Virtual DataPort uses Teradata FastLoad for:
Creating and refreshing remote tables
Creating and refreshing summaries
At runtime, to load data, Virtual DataPort opens a new connection to Teradata with the parameter
TYPE=FASTLOAD. This connection cannot be obtained from the pool of connections of the data
source so the execution engine creates a new one to do the bulk data load.
FastLoad imposes the following requirement: the target table has to be empty. This requirement does not affect data movements nor summaries nor remote tables because:
When performing a data movement, the execution engine creates a table specifically for this data movement so the table is empty.
When creating a remote table or a summary, the table is created at that moment. When refreshing a remote table or a summary, the execution engine “truncates” the table first and then, it inserts the data. “Truncating” a table means deleting all the data inside the table.
The requirement of the table having to be empty may be an issue when loading the cache of a view. When loading the cache of a view, the target table may already have data on it, even if you add the parameter
'cache_invalidate' = 'all_rows' to the query that loads the cache. That is because, by default, during the process of caching a view, the existing data remains on the table so the queries to this view still return rows while the loading of new data is occurring (see more about this process in The Full Cache Mode at Runtime).
To ensure FastLoad is always used when loading the cache of a view, add the parameter
'cache_atomic_operation'='false' to the query that loads the cache.

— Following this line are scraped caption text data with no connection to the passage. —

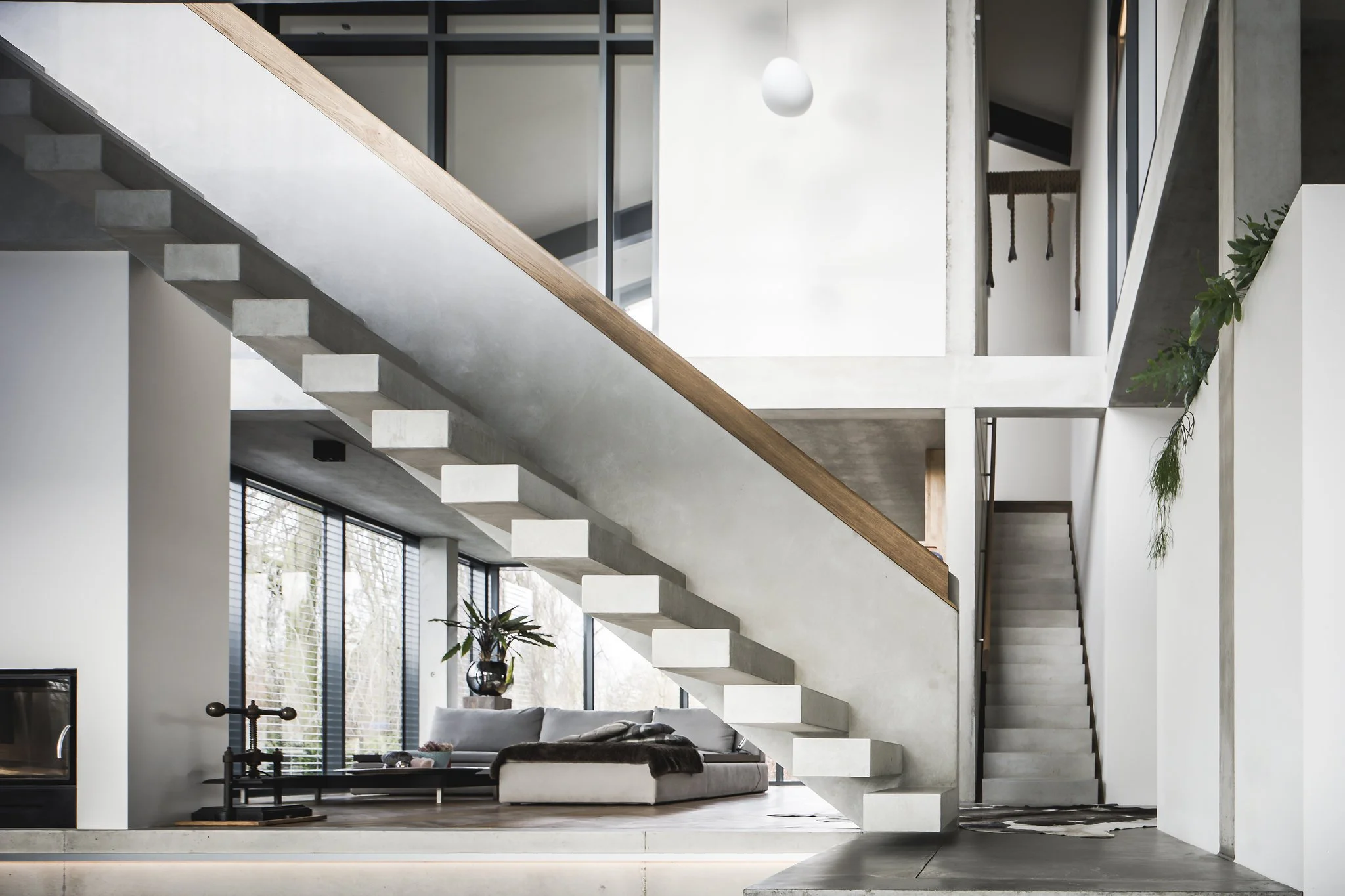 Loft style interior living room with concrete staircase, large windows, and minimal decor.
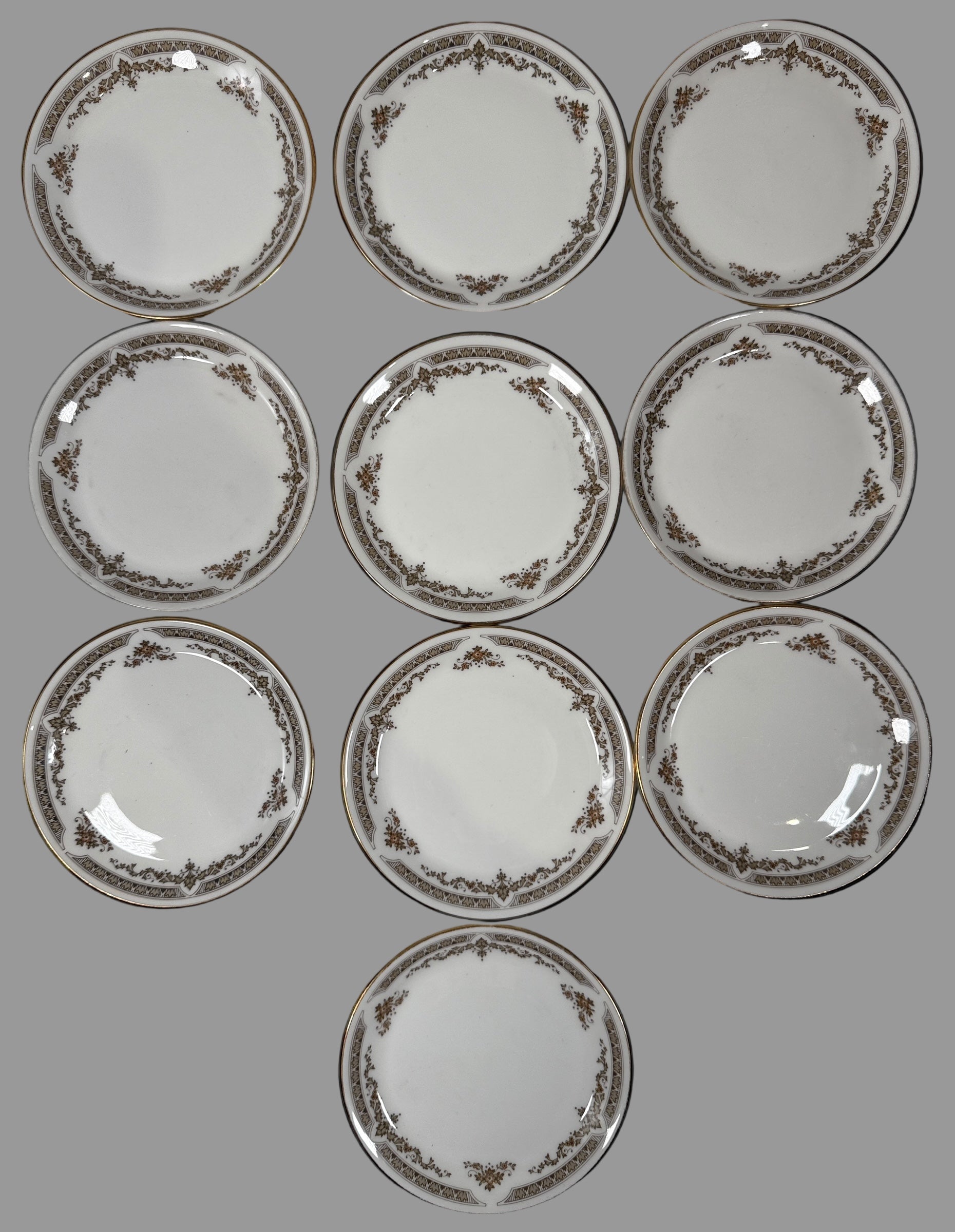 Set of 10 porcelain WArdAir, First Class plates with decorative rim on a black background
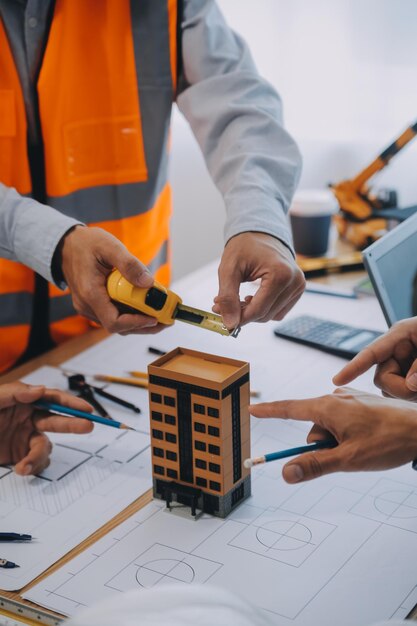 Image of engineer meeting for architectural project working with partner and engineering tools on workplace vintage tone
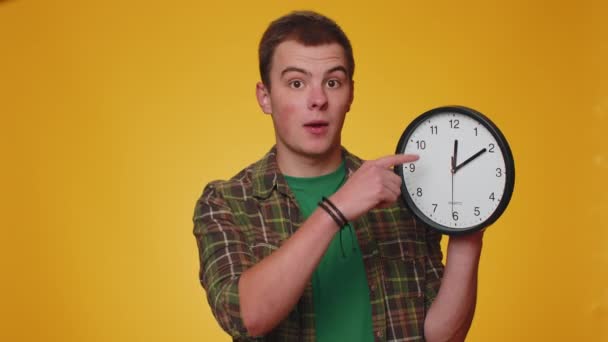 It is your time. Portrait of teen young man in shirt showing time on clock watch, ok, thumb up, approve, pointing finger at camera. Adult boy indoors studio shot isolated alone on yellow background - Footage, Video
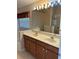 Bathroom with double sink vanity, large mirror, and walk-in shower at 9003 Pecky Cypress Way, Orlando, FL 32836
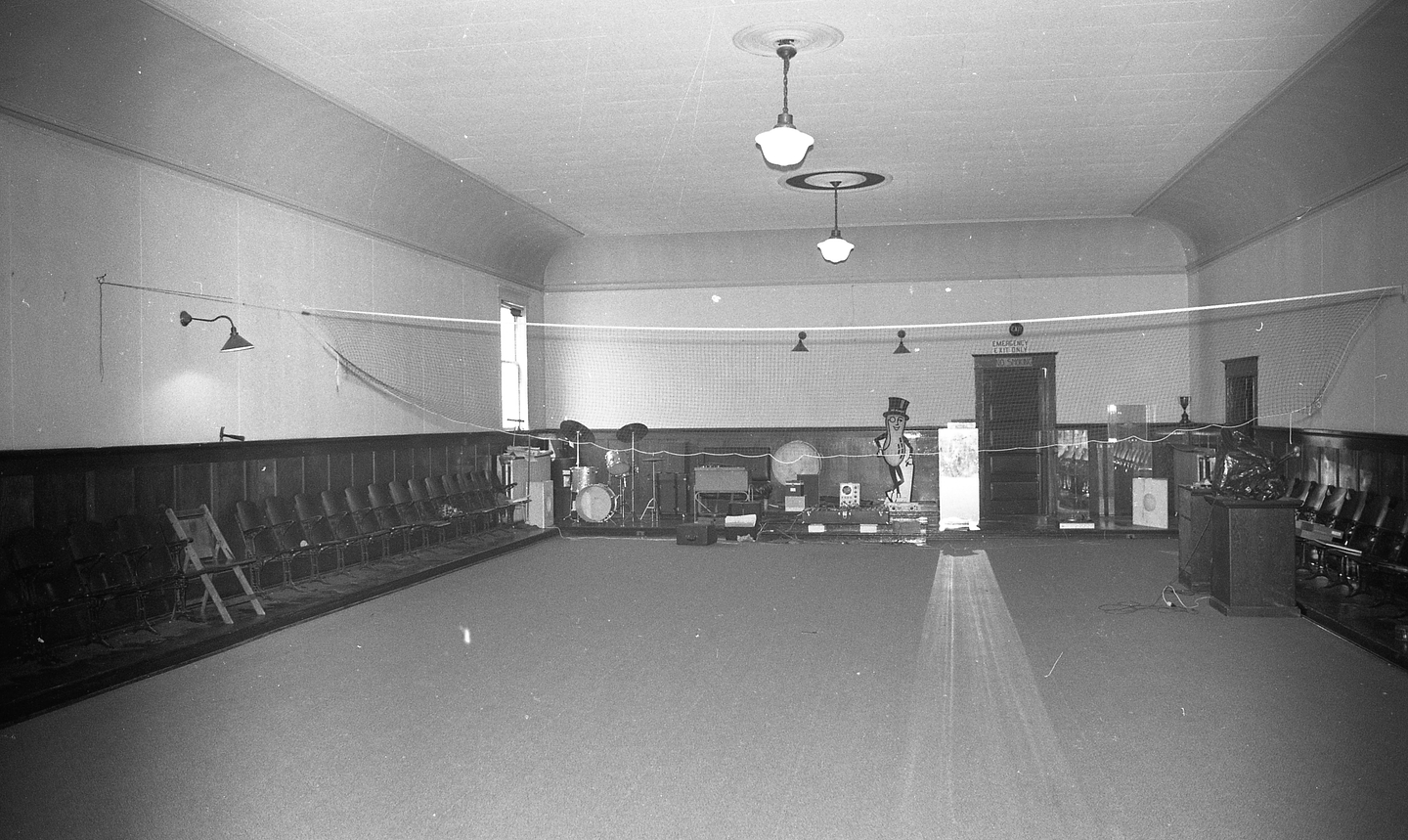 A black and white photo of the interior of Western Front’s Grand Luxe Hall, showing a view of the large room looking toward the back wall. The room is mostly empty apart from some equipment, including a drum set, lecterns, and large cardboard cut-out of Mr. Peanut.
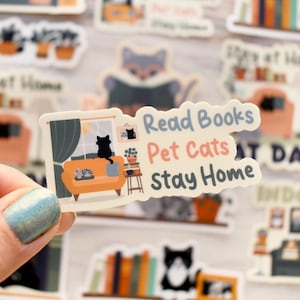 K&ouml;nnte beinhalten: Ein Aufkleber mit dem Text "Read Books, Pet Cats, Stay Home" und einer Katzen-Illustration. Die Illustration zeigt eine Katze auf einem Sofa, ein Fenster und einen kleinen Beistelltisch mit Pflanzen.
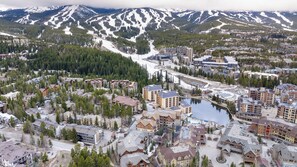 Un pueblo montañoso con una mezcla de edificios residenciales y comerciales, un cuerpo de agua central y picos nevados al fondo.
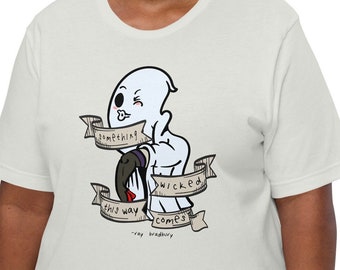 May include: Off-white t-shirt featuring a cartoon ghost winking and giving a thumbs up. The ghost holds a banner that reads "something wicked this way comes" with the author's name. The shirt is a casual, unisex style.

With this parameter, the cache engine will truncate the table of the cache database before inserting any data on it (the section Caching Very Large Data Sets explains in detail what the parameter “cache_atomic_operation” does).
SELECT * FROM customer360.total_sales_by_country CONTEXT ( 'cache_preload' = 'true' , 'cache_invalidate' = 'all_rows' , 'cache_atomic_operation'='false' , 'cache_wait_for_load' = 'true' , 'cache_return_query_results' = 'false');
If the query that loads the cache does not have the parameter
'cache_atomic_operation'='false' and the table in Teradata already contains data, Teradata will use the standard protocol to insert data instead of FastLoad.
Supported Data Types by FastLoad
FastLoad is not capable of transferring values of the type
intervaldaysecond. If the data to insert into Teradata uses at least one of these types, Virtual DataPort will not try to use FastLoad.
Teradata has some limitations when loading data concurrently using FastLoad.
Make sure the primary keys defined in the views are correct. Teradata FastLoad does not insert duplicated rows when the table has a primary key and it does not return any errors or warnings. If the primary key is honored, there cannot be duplicated rows.